Nella tradizione yogica, con questa parola si intende la sincronizzazione del movimento fisico con il respiro. Attraverso questa tecnica, il praticante acquista profonda consapevolezza di sé e maggiore armonia nel movimento.
Creare un accordo fra movimento e respiro vuol dire capire appieno come quest’ultimo agisca nel nostro corpo. L’inspirazione, per esempio, espande naturalmente l’addome e incoraggia l’estensione della colonna vertebrale. L’espirazione, al contrario, permette di riassorbire l’addome verso il centro del corpo, creando una contrazione. L’inspirazione, quindi, ci aiuta a entrare in particolari gruppi di asana, a estendere e inarcare la colonna, muovendoci contro la forza di gravità. L’espirazione, invece, si accorda con i movimenti verso il basso che, quindi, assecondano la forza di gravità.
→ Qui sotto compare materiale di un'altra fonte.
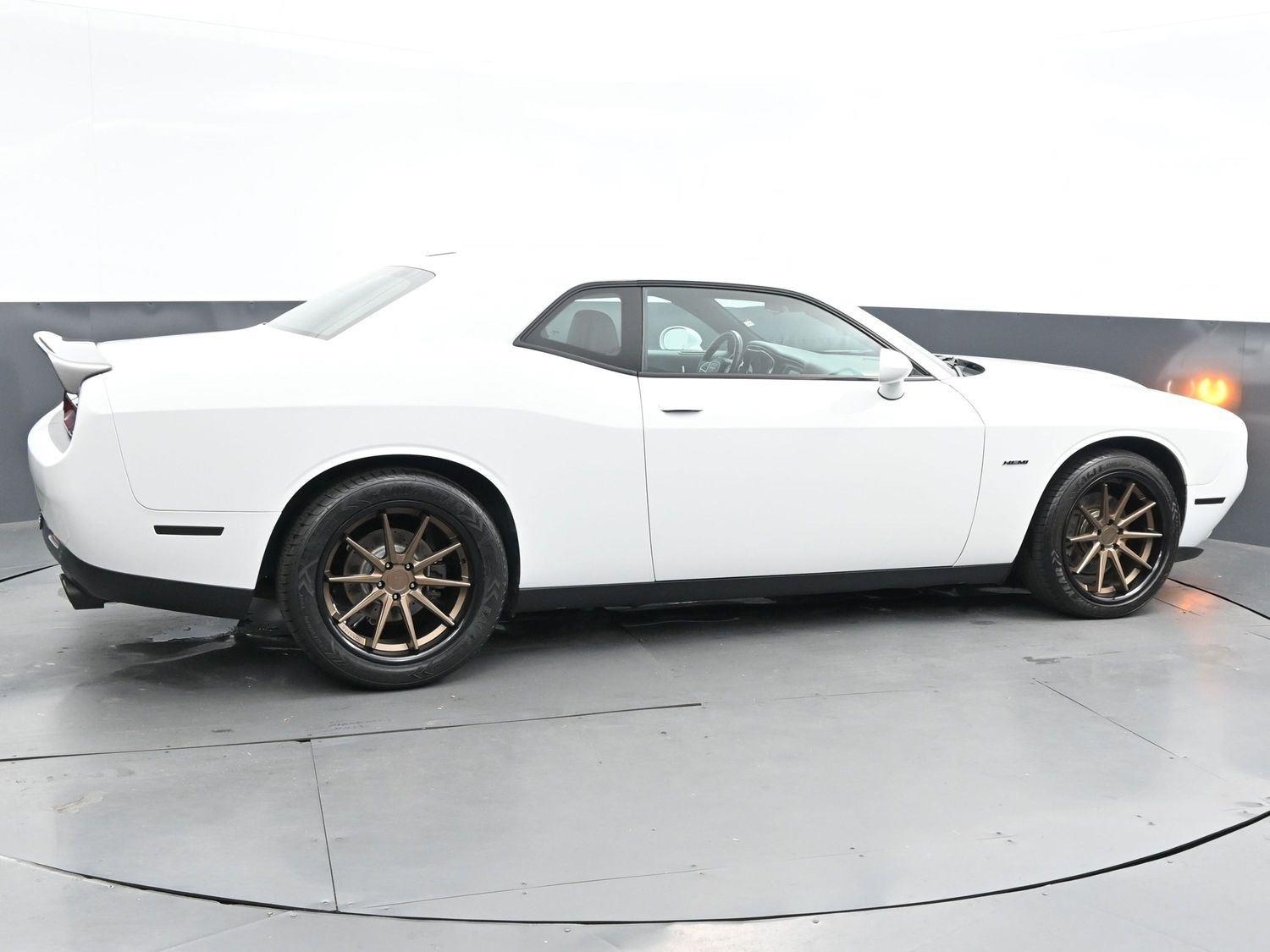 2018 Dodge Challenger R/T Plus photo 8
Più avanti, in altri post, dedicheremo un più ampio approfondimento al tema dei Vayu, ovvero i cinque soffi vitali (Panca Prana o Panca Vayu), che si manifestano dentro e attorno a noi e agiscono proprio in questo matrimonio tra il fluire del corpo nel movimento e il sostegno offerto dal potere del respiro.
L’idea di fondere il respiro con il movimento sembra talmente naturale che la si dà per scontata, eppure è la sfida più grande che chi pratica si trova ad affrontare sul tappetino. Il respiro è la prima risposta a qualsiasi emozione o evento che viviamo e il più delle volte non ci accorgiamo di trattenerlo. Soprattutto quando la pratica si fa intensa o un asana risulta meno comodo, tendiamo a interrompere il flusso naturale del respiro oppure a velocizzarlo, nella speranza di uscire al più presto da quella posizione così difficoltosa. Se ci riconosciamo in queste parole, be', quello è il momento di fermarsi! Quando, per un qualsiasi motivo, il respiro non riesce a fluire in modo naturale, il corpo comunica che sta incontrando un limite. Una delle meraviglie dello Yoga è proprio quella di farci toccare con mano i limiti e, di conseguenza, tutte le emozioni correlate (rabbia, frustrazione, curiosità, gioia, e via dicendo), ma allo stesso tempo bisogna comprendere che oltrepassare i limiti non significa affrontarli. Una delle insegnanti più importanti del panorama yogico occidentale, Amy Matthews, ricorda che continuare a rilanciare i limiti significa non averne coscienza e quindi non ascoltare se stessi, smettere di essere responsabili e curiosi verso il proprio sé.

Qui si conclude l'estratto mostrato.